Une femme (1846-1925) d'une rare vaillance (« Je suis si seule que mon courage compte double, parfois il me fait peur », p.120), d'une féroce volonté (« Je ne déposerai les armes que lorsque je n'aurai plus rien pour les porter, quand je serai couchée sous elles » p.62), ou « Nous ne devons être faible qu'en face de Dieu, de l'infini, et non pas devant les hommes » p.44), d'une spectaculaire abnégation (« Se tuer, il y a longtemps que c'est fait, cela ne fait plus mal une fois que le premier coup est porté » p.39), d'une ardente moralité (« Je comprends que le méchant n'aime pas, car... nous n'aimons que lorsque nous nous sentons dignes d'amour » p.42-43, ou « Seul le bon sait bien aimer », p. 51), d'une sereine intransigeance esthétique (« J'aime le beau pour lui-même et non pour le bien que je pourrais en retirer » p. 43, ou « Une tombe s'est ouverte, elle a englouti mon soleil. Mais il n'y a pas de tombe assez grande pour engloutir le grand soleil beauté ; sa vie est éternelle et tant qu'il est là, il dit que nos tombes ne sont que poussière » p. 61), mais aussi une femme trop révoltée et trop active pour un féminisme de salon (« La femme n'a qu'une heure, l'homme a toute la vie » p. 50, ou « A la femme, qu'elle soit douée ou non, l'homme prend à peu près toutes les choses dont l'homme tire ses forces pour produire. Il lui prend la vie » (p.55), mais hantée par une ambition sacrée :
« De par Dieu, je suis parmi les élus. C'est une charge, elle est d'autant plus sacrée que le nombre des élues parmi les femmes est si minime. Combien n'y en a-t-il pas qui pourraient faire comme moi, qui pourraient faire beaucoup mieux ; mais l'on ne sait pas ce que c'est être femme et devenir quelque chose » (p. 61)
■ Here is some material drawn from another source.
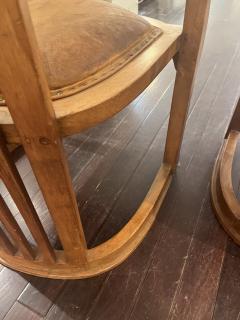 Pair of Frank Lloyd Wright Style Barrell Chairs - 4162060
Cette étonnante pianiste (qui joue, à dix ans, devant la reine Victoria ; qui est, en 1893, la première artiste à jouer à Paris l'intégrale des 32 Sonates de Beethoven ; qui fut admirée de Rossini, de son maître Liszt, de ses élèves Albert Schweitzer et Catherine Pozzi) est ainsi caractérisée, en 1876, par son mentor et camarade Saint-Saëns (l'extrait est long, mais nous dit tout) :
« Mme Jaëll mérite une place à part dans le monde des pianistes de l'un et de l'autre sexe (...) Il lui faut les nouveautés hardies, les œuvres dangereuses, les succès qu'on emporte de haute lutte. Peu lui importe ce qu'on pensera de l’œuvre qu’elle joue et du patronage qu'elle lui donne, si elle a jugé dans sa conscience d'artiste que c'est une œuvre digne d'être présentée au public. (…) Son défaut – qui n'a le sien ? - est d'avoir trop d'imagination, de voir au-delà du possible et du réel, au-delà de l'instrument qu'elle joue et de l’œuvre qu’elle exécute ; elle a cela de commun avec tous les grands poètes et les grands artistes, qu'elle ne sait pas garder la juste mesure. Si M. Prudhomme jouait du piano, il en jouerait autrement, cela est sûr. Il m'est impossible, je l'avoue, de faire à Mme Jaëll un crime de jouer autrement que M. Prudhomme (...) Il est tout simple qu'à une nature aussi richement douée le piano ne suffise pas ; aussi Mme Jaëll n'a pas craint d'aborder la composition, et elle publiera prochainement un recueil de valses pour piano à quatre mains qui est un véritable écrin, sans préjudice d'œuvres beaucoup plus importantes, dont je veux laisser la surprise au public ; Ajoutez à cela que Mme Jaëll se fait un jeu d'écrire en vers et en prose, et qu'elle dessine avec talent ; mais elle semble n'attacher aucune importance à ces bagatelles. La musique est sa vie et son âme » (Écrits sur la musique et les musiciens, p. 195-196, Vrin 2012)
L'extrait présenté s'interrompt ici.